● WHAT TO PRODUCE:
Repeat precisely the line in which "Croc-effect leather slingback pumps - 2" occurs and all lines that follow it in the entries below. Pictures must be omitted.
(INPUT RECORDS Opens)
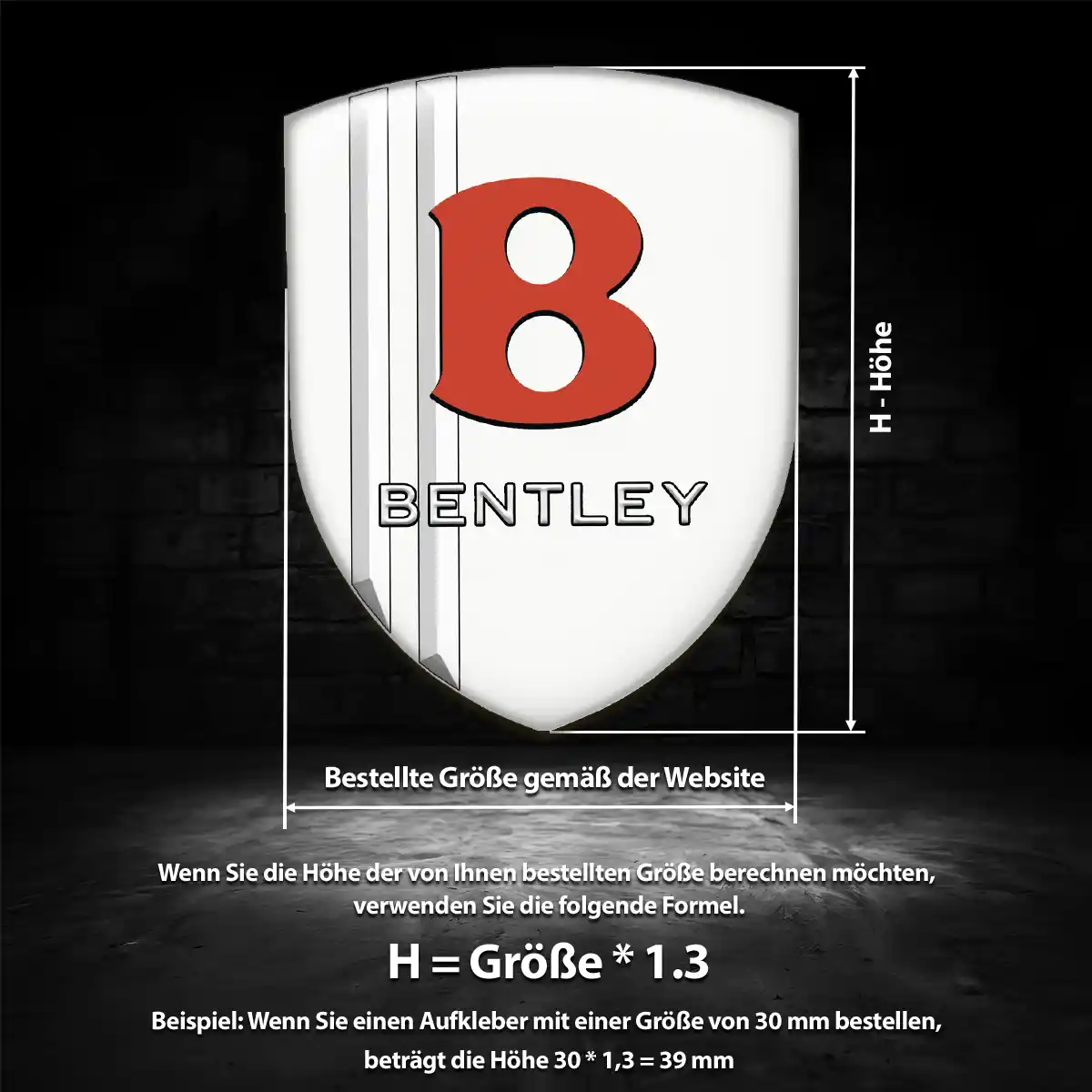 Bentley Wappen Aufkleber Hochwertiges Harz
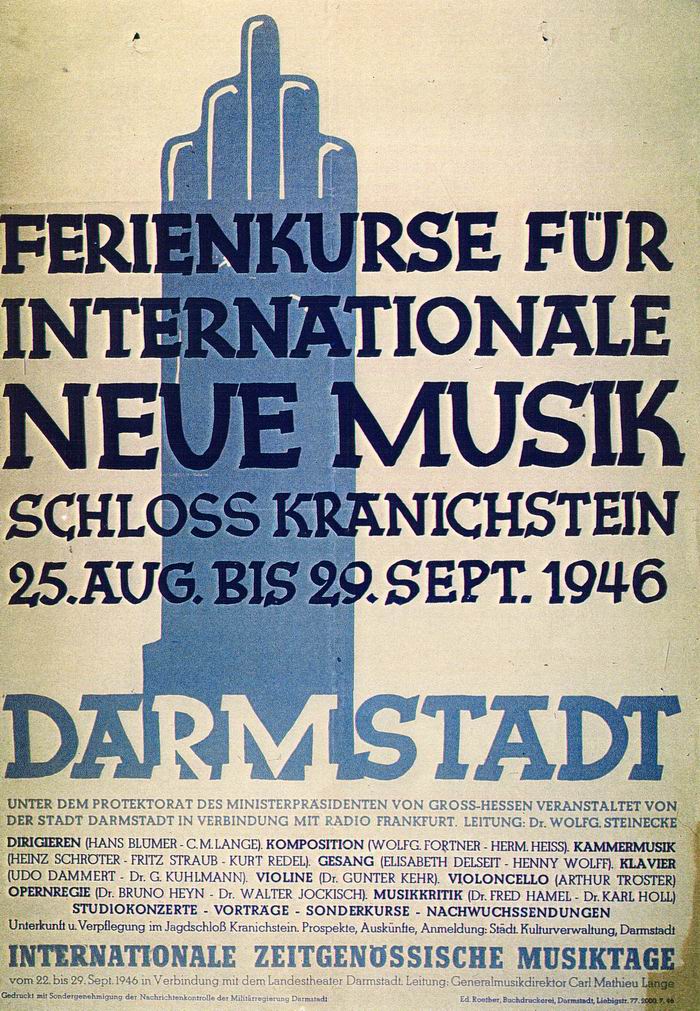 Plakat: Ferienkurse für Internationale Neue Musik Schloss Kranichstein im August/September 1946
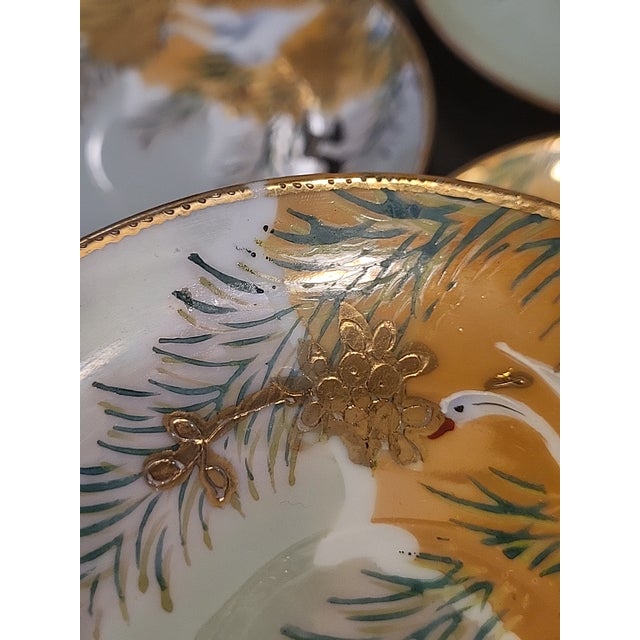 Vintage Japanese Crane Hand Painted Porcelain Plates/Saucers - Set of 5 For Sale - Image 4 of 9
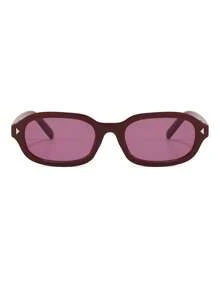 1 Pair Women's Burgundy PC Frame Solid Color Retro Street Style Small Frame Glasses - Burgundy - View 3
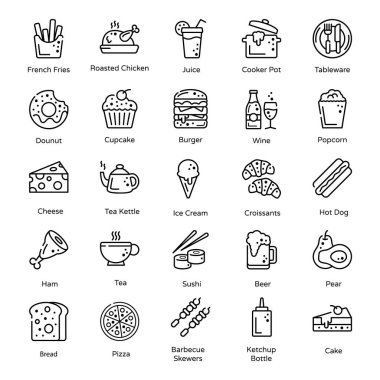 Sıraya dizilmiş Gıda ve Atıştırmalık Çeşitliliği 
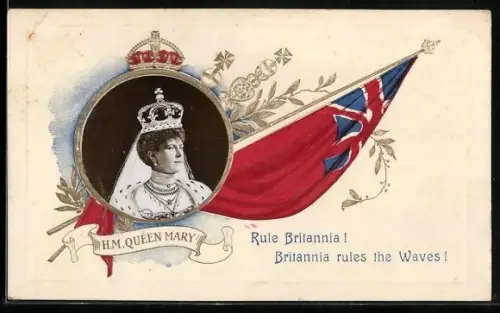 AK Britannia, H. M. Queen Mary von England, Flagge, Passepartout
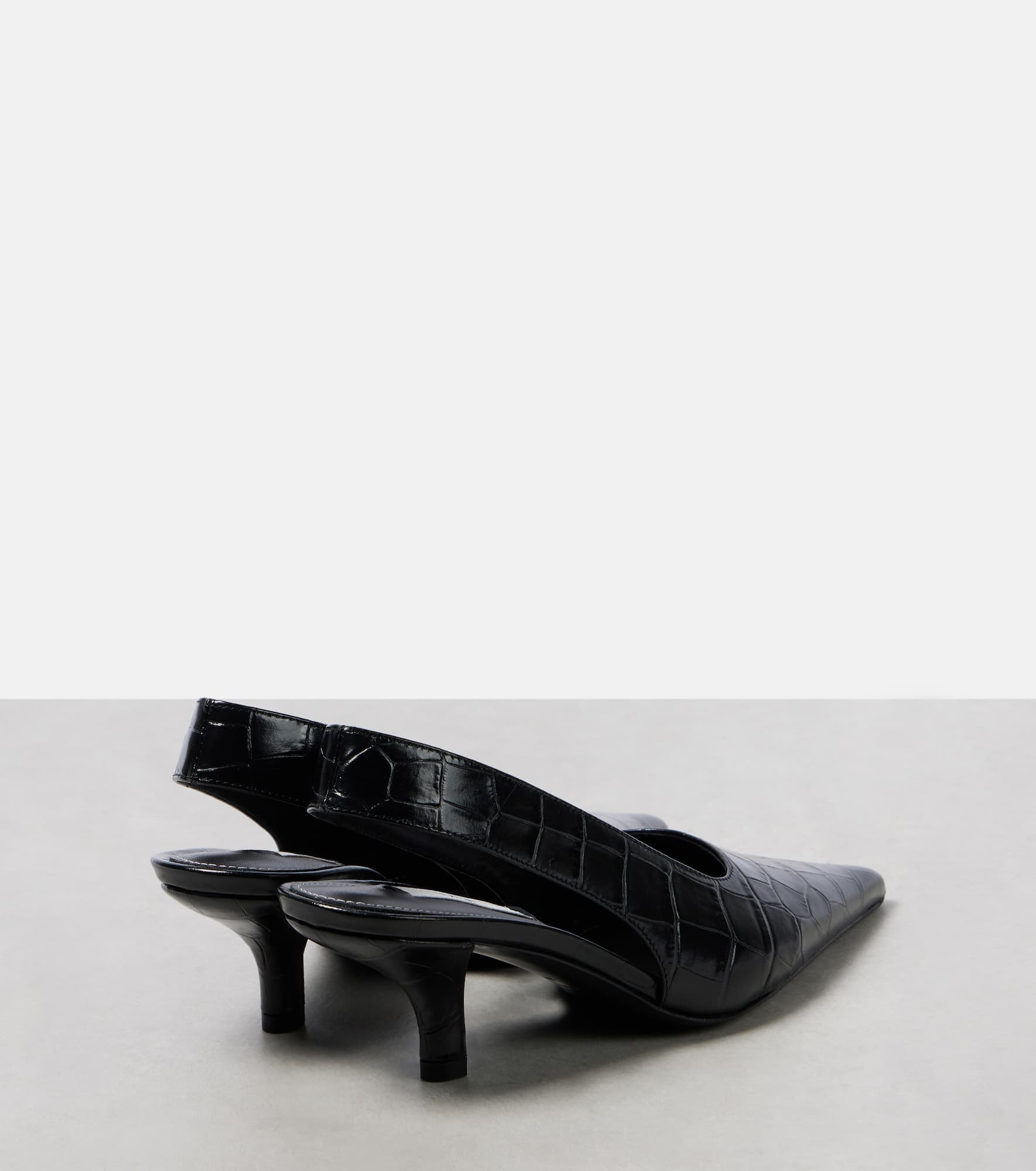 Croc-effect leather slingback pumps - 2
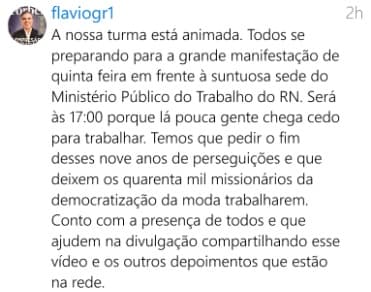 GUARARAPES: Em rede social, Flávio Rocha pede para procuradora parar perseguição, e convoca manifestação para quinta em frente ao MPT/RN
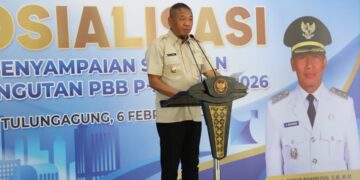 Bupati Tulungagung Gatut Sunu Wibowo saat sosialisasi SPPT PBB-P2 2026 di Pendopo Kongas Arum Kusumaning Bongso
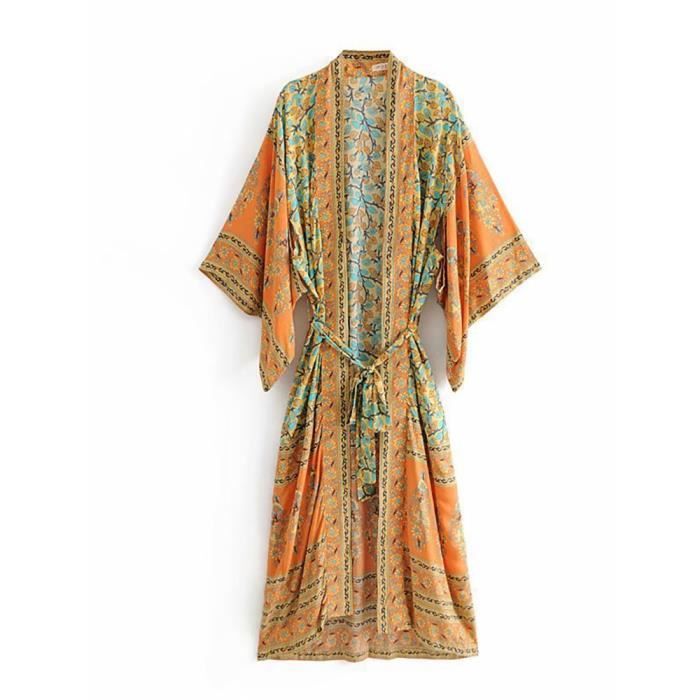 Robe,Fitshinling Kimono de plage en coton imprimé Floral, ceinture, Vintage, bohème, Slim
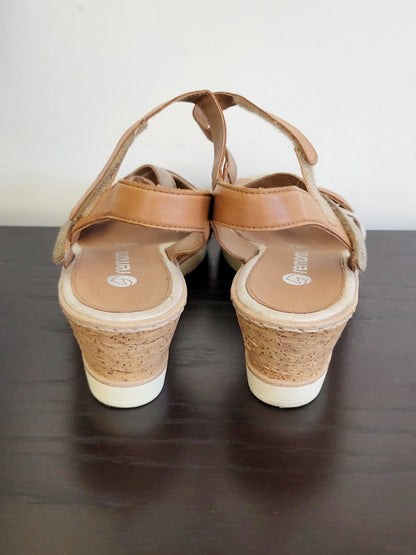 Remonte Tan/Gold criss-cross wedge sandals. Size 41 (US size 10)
(INPUT RECORDS Closes)
● SOLVED PROBLEM:
 Croc-effect leather slingback pumps - 2
 GUARARAPES: Em rede social, Flávio Rocha pede para procuradora parar perseguição, e convoca manifestação para quinta em frente ao MPT/RN
 Bupati Tulungagung Gatut Sunu Wibowo saat sosialisasi SPPT PBB-P2 2026 di Pendopo Kongas Arum Kusumaning Bongso
 Robe,Fitshinling Kimono de plage en coton imprimé Floral, ceinture, Vintage, bohème, Slim
 Remonte Tan/Gold criss-cross wedge sandals. Size 41 (US size 10)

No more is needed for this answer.